INSTRUCTIONS FOR THE TASK:
Please retype the records below exactly as they appear, but leave out the pictures.

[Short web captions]
+ + + +
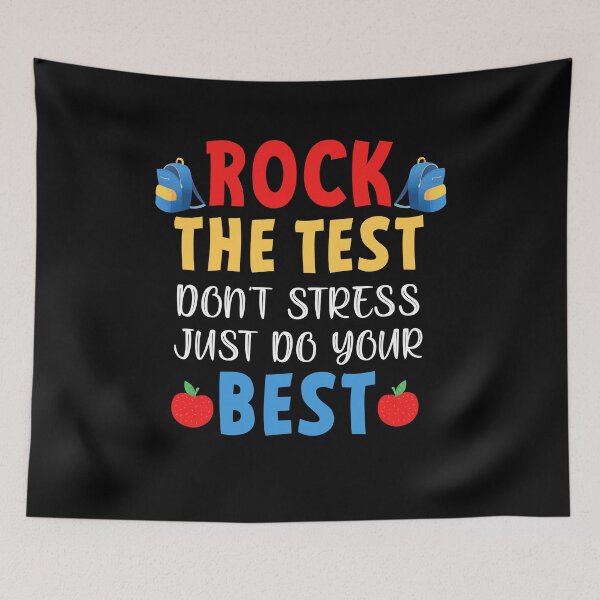 Item preview, Rock The Test Best Shirt, Funny Test Day T shirt, Rock The Test T-shirt, Test Day Shirt Gift For Teacher, Testing Day, Exam Day, Its Test Day Yall designed and sold by aymob.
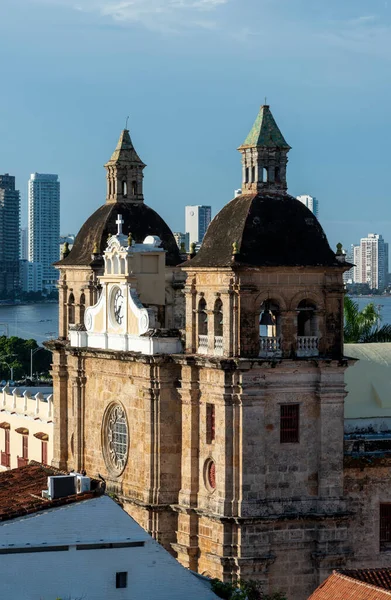 Cartagena Bolivar Colombia November 2021 Panoramic Landscape City View Blue — Stock Photo, Image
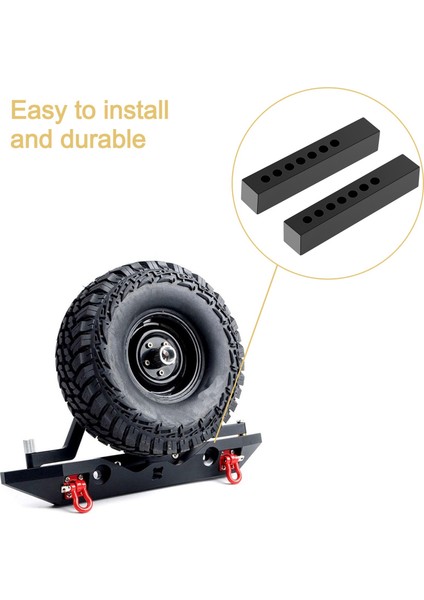 2pcs Metal Tampon Montaj Tutucu 1/10 Rc Prwler Araç Axıal SCX10 90046 SCX10 Iıı AXI03007 Traxxas Trx4 Trx6 (Yurt Dışından) modelleri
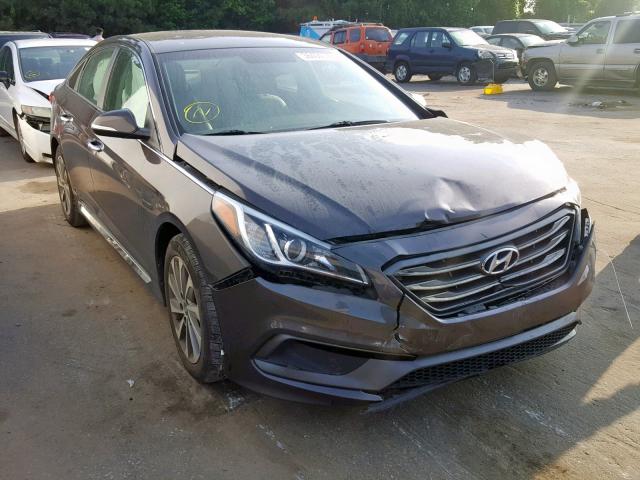 5NPE34AF2GH278399 - 2016 HYUNDAI SONATA SPO GRAY photo 1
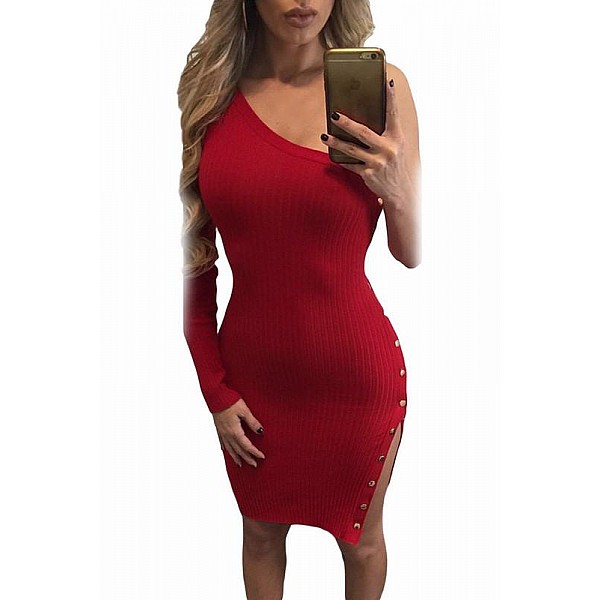 Bodycon ruha Stasia - piros 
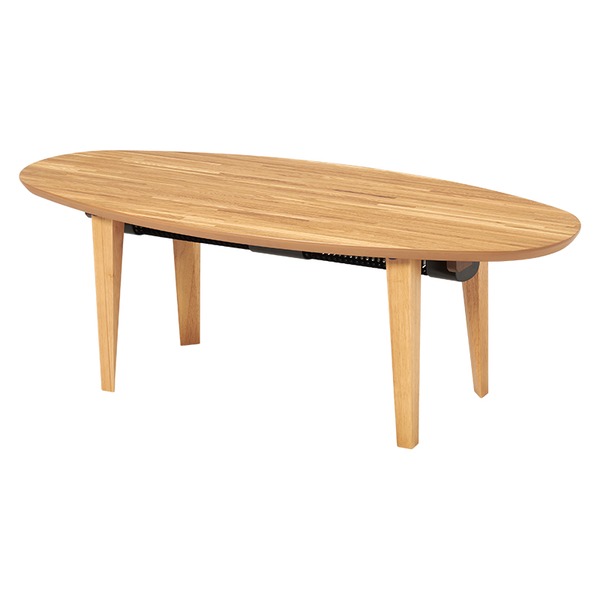 こたつ テーブル 布団レス 楕円形 約幅120cm ナチュラル 木製 天然木 スリム センターテーブル リビングテーブル 要組立品 こたつテーブル 家具 こたつ こたつ本体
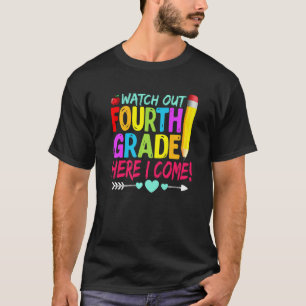 Camiseta Cuidado Cuarto Grado Aquí Vengo De Vuelta Al Coleg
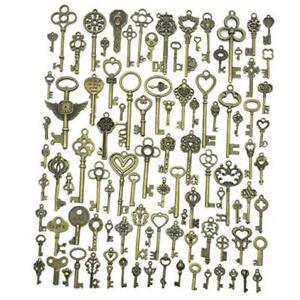 Vintage Skeleton Keys, Wholesale Bulk Lots Mixed Set of 100 100 PCS KEYS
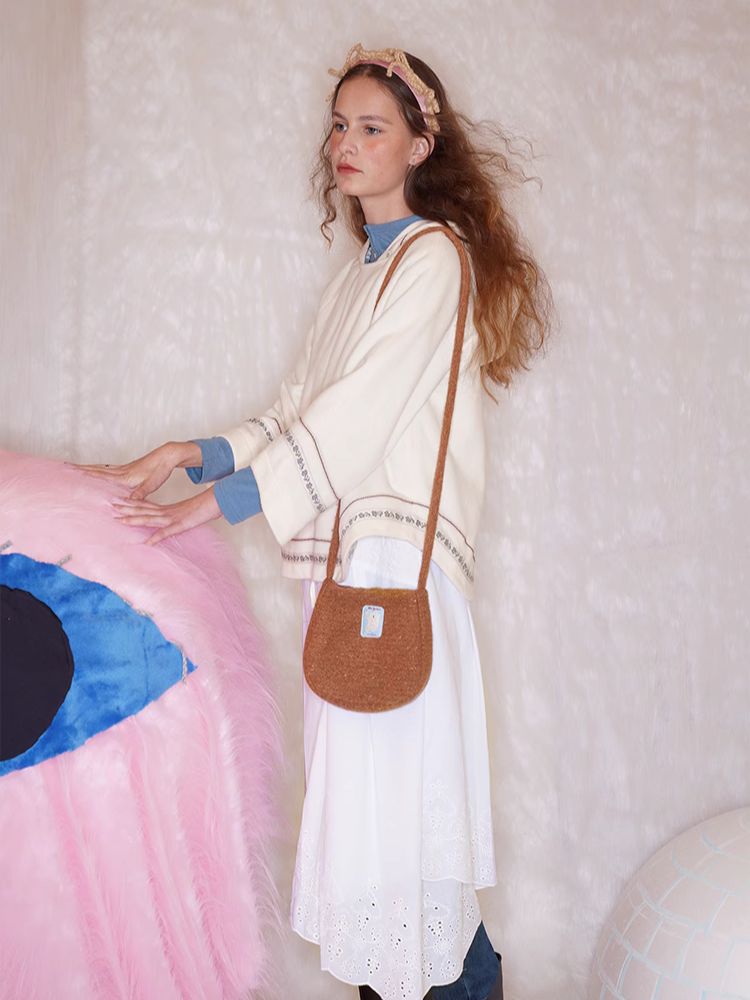 Woolen feeling small egg bag【s0000005924】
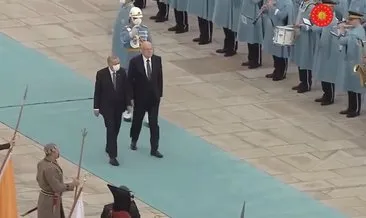 Lübnan Başbakanı Necip Mikati Ankara’ya geldi! Başkan Erdoğan Mikati’yi törenle karşıladı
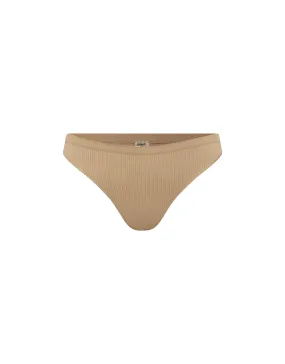 Premium Seamless Sports G-String - Ivory Beige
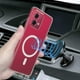 thumbnail image 4 of For Motorola Edge 40 Neo 5G Clear Phone Case Compatible with MagSafe TPU+Acrylic Back Cover - Clear, 4 of 5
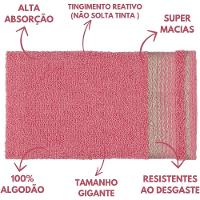 Jogo De Toalhas Luxury Soft Beka 360 G m² 2 Banho + 2 Rosto + 1 Piso Luxo Rosê - 5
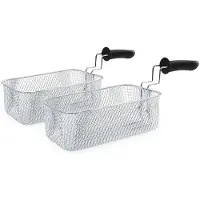 Tomado TDF6001S – Doppel-Fritteuse – 2 x 3 Liter – Fritteuse mit Kaltzone – Edelstahl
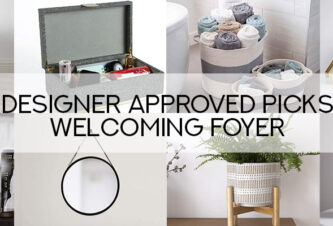Designer-approved  Amazon finds for a welcoming foyer. 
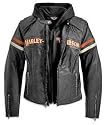 Harley-Davidson® Women's Miss Enthusiast 3-in-1 Leather Jacket. Ventings & reflective graphics. 98142-09VW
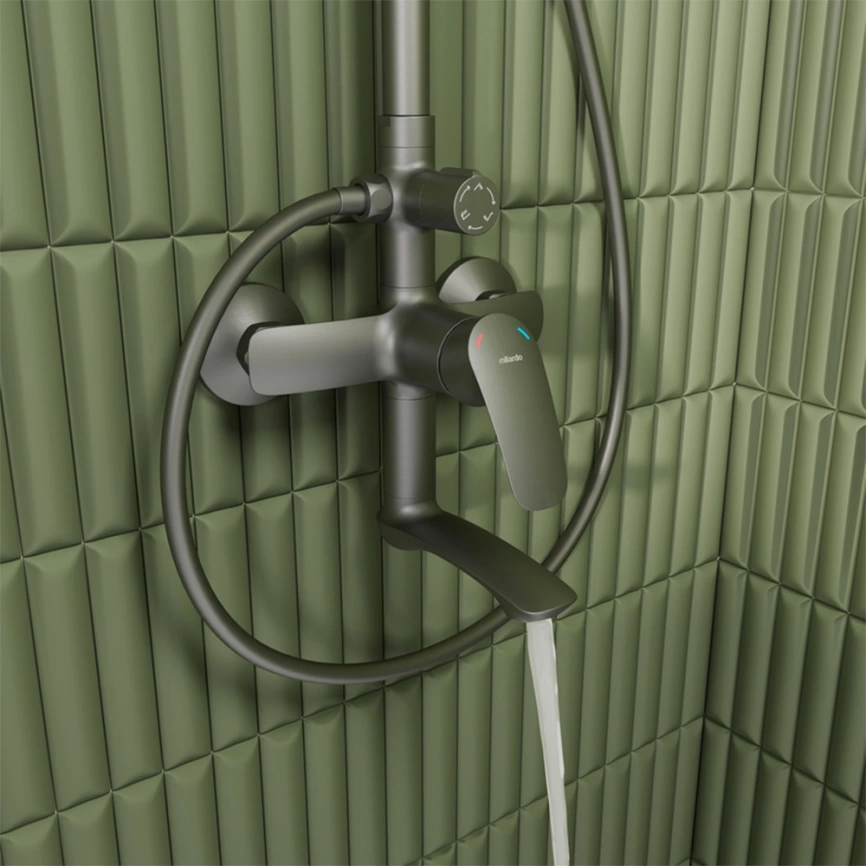 Душевая стойка Milardo Rora RORGM4FM06 графит - фото 2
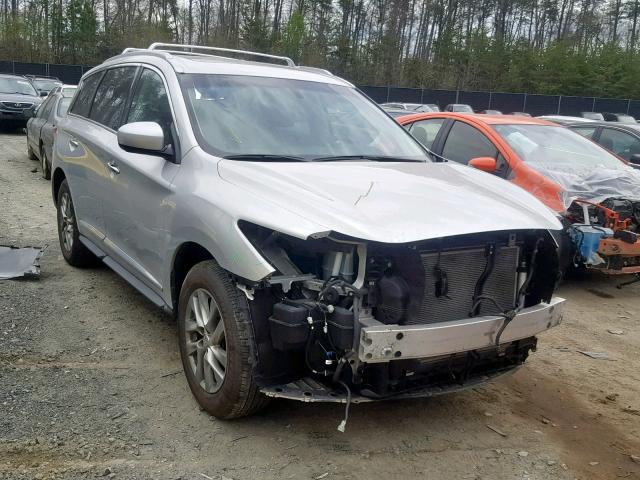 5N1AL0MM3DC351266 - 2013 INFINITI JX35 SILVER photo 1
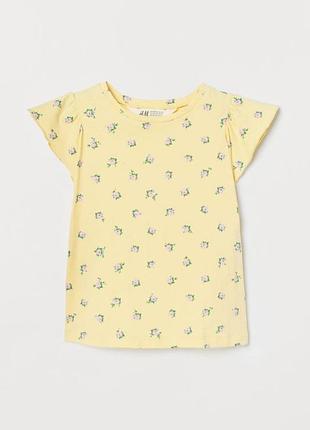 Милі футболочка з квітковим принтом h&m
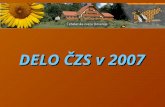 DELO ČZS v 2007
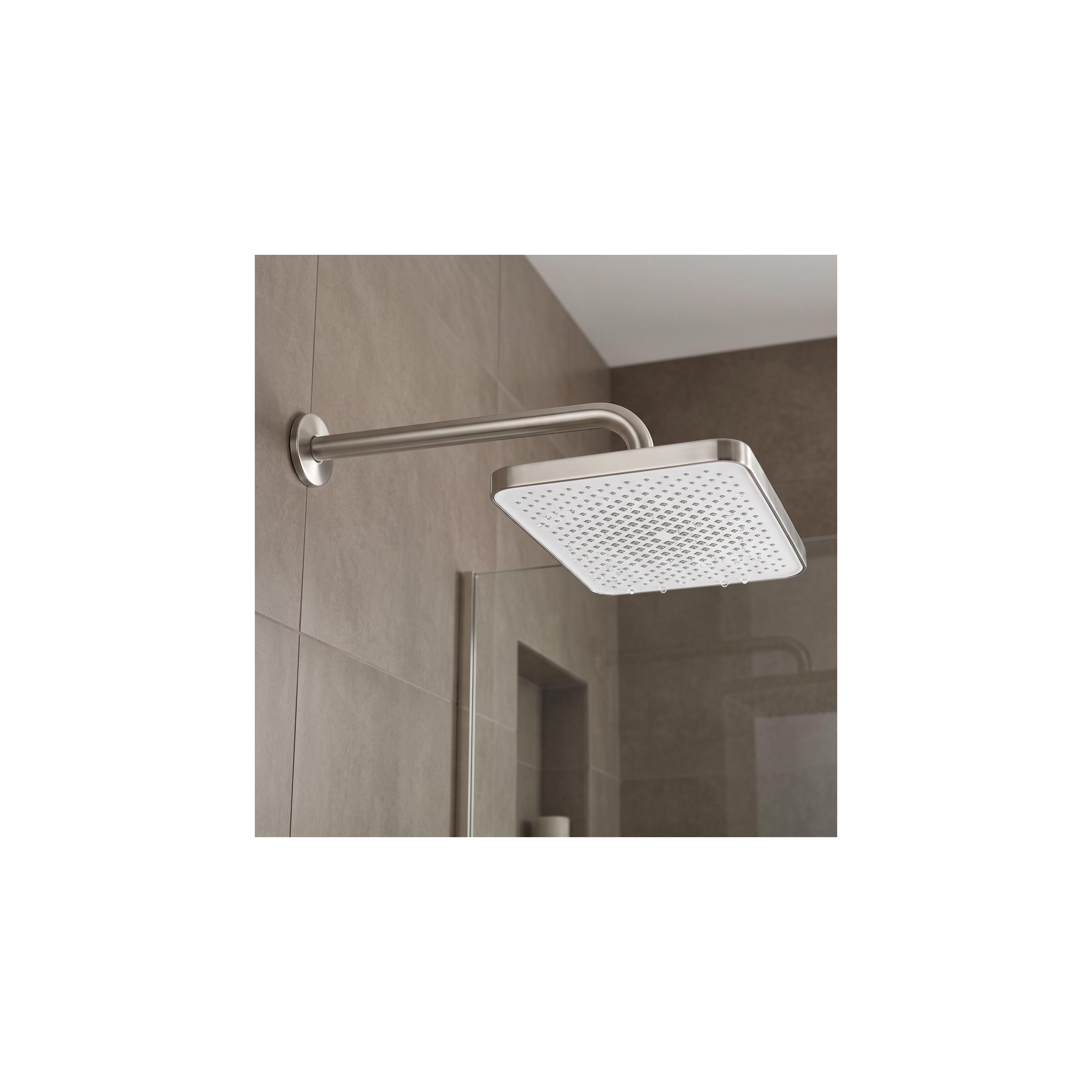 Pravokutna tuš ruža REA JS-032 Brushed Nickel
+ + + +
RESULT:
 Item preview, Rock The Test Best Shirt, Funny Test Day T shirt, Rock The Test T-shirt, Test Day Shirt Gift For Teacher, Testing Day, Exam Day, Its Test Day Yall designed and sold by aymob.
 Cartagena Bolivar Colombia November 2021 Panoramic Landscape City View Blue — Stock Photo, Image
 2pcs Metal Tampon Montaj Tutucu 1/10 Rc Prwler Araç Axıal SCX10 90046 SCX10 Iıı AXI03007 Traxxas Trx4 Trx6 (Yurt Dışından) modelleri
 5NPE34AF2GH278399 - 2016 HYUNDAI SONATA SPO GRAY photo 1
 Bodycon ruha Stasia - piros 
 こたつ テーブル 布団レス 楕円形 約幅120cm ナチュラル 木製 天然木 スリム センターテーブル リビングテーブル 要組立品 こたつテーブル 家具 こたつ こたつ本体
 Camiseta Cuidado Cuarto Grado Aquí Vengo De Vuelta Al Coleg
 Vintage Skeleton Keys, Wholesale Bulk Lots Mixed Set of 100 100 PCS KEYS
 Woolen feeling small egg bag【s0000005924】
 Lübnan Başbakanı Necip Mikati Ankara’ya geldi! Başkan Erdoğan Mikati’yi törenle karşıladı
 Premium Seamless Sports G-String - Ivory Beige
 thumbnail image 4 of For Motorola Edge 40 Neo 5G Clear Phone Case Compatible with MagSafe TPU+Acrylic Back Cover - Clear, 4 of 5
 Jogo De Toalhas Luxury Soft Beka 360 G m² 2 Banho + 2 Rosto + 1 Piso Luxo Rosê - 5
 Tomado TDF6001S – Doppel-Fritteuse – 2 x 3 Liter – Fritteuse mit Kaltzone – Edelstahl
Designer-approved  Amazon finds for a welcoming foyer. 
 Harley-Davidson® Women's Miss Enthusiast 3-in-1 Leather Jacket. Ventings & reflective graphics. 98142-09VW
 Душевая стойка Milardo Rora RORGM4FM06 графит - фото 2
 5N1AL0MM3DC351266 - 2013 INFINITI JX35 SILVER photo 1
 Милі футболочка з квітковим принтом h&m
 DELO ČZS v 2007
 Pravokutna tuš ruža REA JS-032 Brushed Nickel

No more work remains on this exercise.